骨髄から末梢血に出て来た造血幹細胞(CD34陽性細胞)を、血液成分分離装置を用いて採取することを末梢血幹細胞採取と言います。通常、造血幹細胞は骨髄にあり、末梢血にはほとんど存在していません。顆粒球コロニー刺激因子(G-CSF)と言う薬剤を投与すると、骨髄での造血が盛んになり、造血幹細胞が骨髄から末梢血に出てきます。これを、造血幹細胞の動員と言います。

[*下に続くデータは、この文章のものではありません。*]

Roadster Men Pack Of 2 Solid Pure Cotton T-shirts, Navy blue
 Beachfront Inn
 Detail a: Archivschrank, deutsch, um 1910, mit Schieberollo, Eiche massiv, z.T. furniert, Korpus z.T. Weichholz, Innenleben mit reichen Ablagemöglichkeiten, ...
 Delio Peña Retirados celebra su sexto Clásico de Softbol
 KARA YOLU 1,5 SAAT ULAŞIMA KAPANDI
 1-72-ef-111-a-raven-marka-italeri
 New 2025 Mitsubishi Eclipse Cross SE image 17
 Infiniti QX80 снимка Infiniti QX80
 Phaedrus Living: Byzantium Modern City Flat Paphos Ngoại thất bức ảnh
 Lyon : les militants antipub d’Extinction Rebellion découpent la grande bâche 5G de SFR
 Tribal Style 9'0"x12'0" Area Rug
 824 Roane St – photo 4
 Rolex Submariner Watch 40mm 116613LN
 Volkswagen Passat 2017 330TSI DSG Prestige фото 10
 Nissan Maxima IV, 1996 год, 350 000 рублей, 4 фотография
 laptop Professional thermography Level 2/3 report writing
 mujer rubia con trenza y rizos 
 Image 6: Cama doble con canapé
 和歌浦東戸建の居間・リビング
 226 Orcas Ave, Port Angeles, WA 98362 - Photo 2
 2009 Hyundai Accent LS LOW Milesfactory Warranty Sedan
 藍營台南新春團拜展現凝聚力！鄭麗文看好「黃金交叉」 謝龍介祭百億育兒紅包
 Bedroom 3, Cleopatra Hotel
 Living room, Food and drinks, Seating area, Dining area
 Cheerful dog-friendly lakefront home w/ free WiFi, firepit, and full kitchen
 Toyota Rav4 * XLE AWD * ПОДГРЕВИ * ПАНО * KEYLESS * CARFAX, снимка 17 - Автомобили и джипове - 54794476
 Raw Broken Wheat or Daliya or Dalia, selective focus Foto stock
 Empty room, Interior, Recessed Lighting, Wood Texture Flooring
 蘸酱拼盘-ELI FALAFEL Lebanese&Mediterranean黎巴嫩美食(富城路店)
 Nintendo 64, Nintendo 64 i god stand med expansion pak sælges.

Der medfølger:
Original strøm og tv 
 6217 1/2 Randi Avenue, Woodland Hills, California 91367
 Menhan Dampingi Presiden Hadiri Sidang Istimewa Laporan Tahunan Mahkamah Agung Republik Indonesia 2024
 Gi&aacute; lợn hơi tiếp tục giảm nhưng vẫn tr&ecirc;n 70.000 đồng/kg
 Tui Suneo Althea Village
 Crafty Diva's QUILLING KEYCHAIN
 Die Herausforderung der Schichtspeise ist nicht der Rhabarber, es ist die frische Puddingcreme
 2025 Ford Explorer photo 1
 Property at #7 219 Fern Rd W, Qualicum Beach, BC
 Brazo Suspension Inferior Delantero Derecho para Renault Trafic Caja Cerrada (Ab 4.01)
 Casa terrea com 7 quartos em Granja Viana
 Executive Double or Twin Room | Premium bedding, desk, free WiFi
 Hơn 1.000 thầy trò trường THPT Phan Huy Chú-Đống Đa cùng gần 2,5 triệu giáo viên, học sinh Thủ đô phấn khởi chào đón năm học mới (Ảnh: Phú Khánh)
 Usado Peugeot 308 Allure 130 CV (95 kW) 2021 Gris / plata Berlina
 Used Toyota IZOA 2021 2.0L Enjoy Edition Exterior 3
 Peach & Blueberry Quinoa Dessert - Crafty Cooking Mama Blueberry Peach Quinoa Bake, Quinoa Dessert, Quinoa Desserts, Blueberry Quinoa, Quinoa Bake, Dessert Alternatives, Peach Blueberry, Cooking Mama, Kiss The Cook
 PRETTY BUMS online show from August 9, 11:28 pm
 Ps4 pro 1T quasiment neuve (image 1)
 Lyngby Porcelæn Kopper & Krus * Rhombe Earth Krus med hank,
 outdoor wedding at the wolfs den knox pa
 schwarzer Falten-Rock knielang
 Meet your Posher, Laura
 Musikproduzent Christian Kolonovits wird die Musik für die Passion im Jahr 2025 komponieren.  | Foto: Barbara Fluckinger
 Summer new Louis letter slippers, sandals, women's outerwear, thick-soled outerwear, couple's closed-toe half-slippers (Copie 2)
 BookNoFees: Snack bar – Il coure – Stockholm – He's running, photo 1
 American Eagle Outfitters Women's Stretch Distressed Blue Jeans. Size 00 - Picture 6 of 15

血液成分分離装置には色々な機種がありますが、日本赤十字血液センターで血小板や血漿の採血に使われている機種も血液成分分離装置です。採血した血液を血液成分分離装置で遠心し、造血幹細胞を含む分画をバッグに採取し、残りの血液は返血します。従いまして、片方の腕の静脈に針を刺し、採血ラインを確保します。もう片方の腕の静脈に針を刺し、返血ラインを確保します。末梢血幹細胞採取にかかる時間は、3-4時間です。その間は、ベッドに横になって頂き、テレビやDVDを鑑賞して頂きます。末梢血幹細胞採取に関係した副作用に、血管迷走神経反射(気分不良、血圧低下など)があります。もう一つの副作用に、クエン酸中毒(しびれ、気分不良など)があります。採血ラインから採血された血液が固まらないよう、クエン酸が自動的に注入されるためです。クエン酸中毒を防ぐため、返血ラインからクエン酸の中和剤が注入されるのですが、それでもクエン酸中毒が起こる場合があります。血液成分分離装置の稼働中は、看護師、医師、臨床工学技士がおりますので、どの様な副作用であっても適切に対処します。
末梢血幹細胞採取は、1日または2日間行われます。採取終了の翌日、退院です。通常、採取した末梢血幹細胞は、生細胞で凍結します。移植時、この細胞を解凍し輸注します。これを、末梢血幹細胞移植と言います。